--- START ---

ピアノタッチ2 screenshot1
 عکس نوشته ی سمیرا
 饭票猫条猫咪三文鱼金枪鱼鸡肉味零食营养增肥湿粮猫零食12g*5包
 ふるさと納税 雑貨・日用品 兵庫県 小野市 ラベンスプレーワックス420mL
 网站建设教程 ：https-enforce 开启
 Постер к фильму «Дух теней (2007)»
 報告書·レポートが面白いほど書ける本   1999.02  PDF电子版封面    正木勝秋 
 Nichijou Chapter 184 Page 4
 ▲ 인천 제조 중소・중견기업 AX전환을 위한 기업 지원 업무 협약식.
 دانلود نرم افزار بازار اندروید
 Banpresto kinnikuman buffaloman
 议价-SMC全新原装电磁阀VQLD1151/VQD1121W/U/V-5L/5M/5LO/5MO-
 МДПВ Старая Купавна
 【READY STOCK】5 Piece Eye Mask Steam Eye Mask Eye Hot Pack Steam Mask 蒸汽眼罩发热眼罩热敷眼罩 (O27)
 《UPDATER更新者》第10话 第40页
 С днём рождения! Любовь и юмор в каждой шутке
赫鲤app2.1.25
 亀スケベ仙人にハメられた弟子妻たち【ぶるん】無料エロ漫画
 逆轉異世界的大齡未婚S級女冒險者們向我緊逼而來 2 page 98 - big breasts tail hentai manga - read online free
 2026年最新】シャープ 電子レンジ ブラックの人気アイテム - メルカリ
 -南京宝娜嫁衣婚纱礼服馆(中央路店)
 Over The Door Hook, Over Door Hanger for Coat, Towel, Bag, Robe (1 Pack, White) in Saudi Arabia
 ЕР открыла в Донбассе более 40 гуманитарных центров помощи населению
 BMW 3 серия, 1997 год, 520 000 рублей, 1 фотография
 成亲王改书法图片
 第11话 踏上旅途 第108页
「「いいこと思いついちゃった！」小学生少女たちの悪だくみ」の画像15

--- END ---

Where in the entries above does the word "Pack" appear? Copy each line that has it.

 【READY STOCK】5 Piece Eye Mask Steam Eye Mask Eye Hot Pack Steam Mask 蒸汽眼罩发热眼罩热敷眼罩 (O27)
 Over The Door Hook, Over Door Hanger for Coat, Towel, Bag, Robe (1 Pack, White) in Saudi Arabia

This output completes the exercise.